The region, like Bangladesh before 1971, faces political marginalisation, economic exploitation of its natural resources without benefit to the locals, militarisation of daily life, and efforts to eliminate its national and cultural identity, Greek journalist and writer Dimitra Staikou wrote in a report in Pressenza International Press Agency.
"The year 2025 made it clear that the province is not simply in turmoil; it is on a dangerous trajectory combining political violence, state repression, and an unprecedented digital blackout. The Baloch Liberation Army and other armed groups intensified their attacks, claiming more than 280 operations in the first half of the year alone. The March abduction of the Jaffar Express train -- an incident resembling a war zone more than an internal security lapse -- exposed the government’s inability to safeguard even its essential infrastructure. Bombings throughout the autumn of 2025 and the recent assault on the Frontier Corps base in Nokkundi confirmed that insurgent forces remain resilient, organised, and capable of striking at the region’s core," he wrote.

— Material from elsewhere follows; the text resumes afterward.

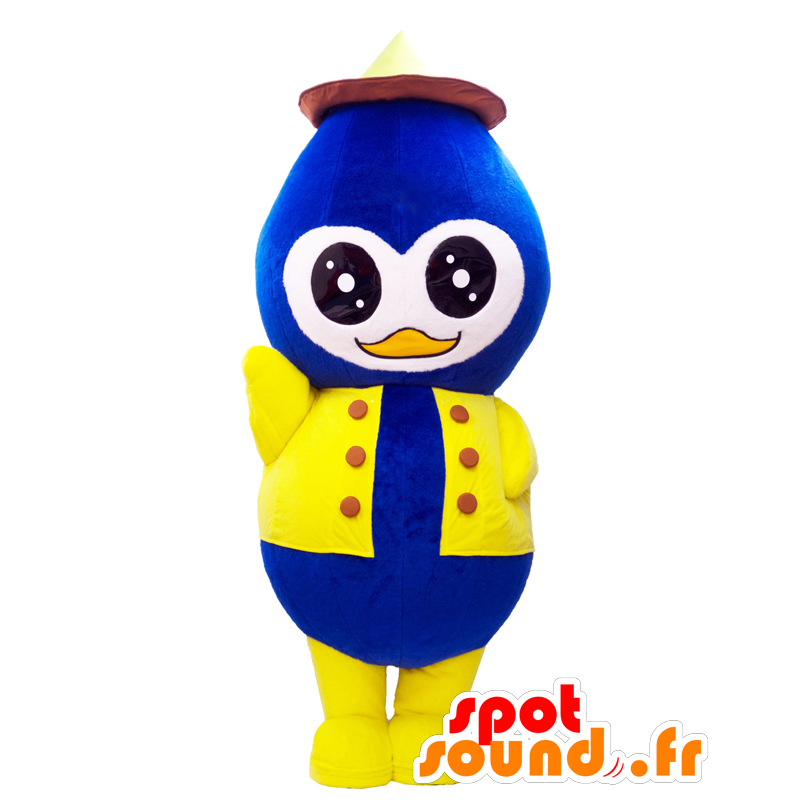 Mascot Mizumyi. Mascot Bluebird, gul og brun - MASFR27792 - Yuru-Chara japanske Mascots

"The escalating unrest in Balochistan has raised global fears that the province is becoming 'the new Bangladesh.' Balochistan and Bangladesh share a troubling historical and political parallel: both have endured systematic state repression by Pakistan through similar tactics—violent crackdowns on protests, enforced disappearances, extrajudicial killings, and the use of paramilitary or religious extremist groups to discipline and control the population. Like Bangladesh before 1971, Balochistan faces political marginalisation, economic exploitation of its natural resources without benefit to the local population, militarisation of daily life, and efforts to erase its national and cultural identity," she added.
Intellectuals, activists and journalists have been targeted in both regions while religion has been used for social control and political repression. The shared pattern in both regions is a planned campaign to silence people demanding self-determination, with Bangladesh ultimately attaining freedom while Balochistan continues to bleed.

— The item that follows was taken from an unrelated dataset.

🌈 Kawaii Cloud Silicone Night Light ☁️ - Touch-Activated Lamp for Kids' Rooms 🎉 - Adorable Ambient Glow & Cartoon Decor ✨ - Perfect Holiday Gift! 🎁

The Pakistani authorities' decision to suspend internet services in Balochistan has made the province a “black hole” of information, where human-rights abuses can take place without witnesses, without documentation, and without consequences, according to the report. At the same time, religious minorities in Balochistan - Christians, Hazara Shia, Hindus, Ahmadiyya, and smaller communities like Zikri - live in the province under continuous threat. Blasphemy laws are used for intimidation, resulting in arbitrary arrests or even mob lynchings.
"The Pakistani state represses minorities in Balochistan not out of mere prejudice, but because it views repression as a strategic necessity."
"First, it deeply fears secession: Balochistan has a strong national movement demanding self-determination, control of local resources, and the end of military presence—and a potential breakaway could encourage similar aspirations in other provinces, threatening Pakistan’s territorial cohesion. Second, the state employs religion as a mechanism of social control, empowering hardline Islamist groups, disproportionate blasphemy laws, and religious networks to homogenise ethnic identities under an Islamic umbrella and paint Baloch nationalism as 'anti-Islamic' or 'separatist.' Third, it seeks to maintain absolute control over the province’s vast natural wealth—gas, gold, copper, lithium—which fuels the national economy while the local population remains excluded and deprived of basic infrastructure," the Pressenza report said.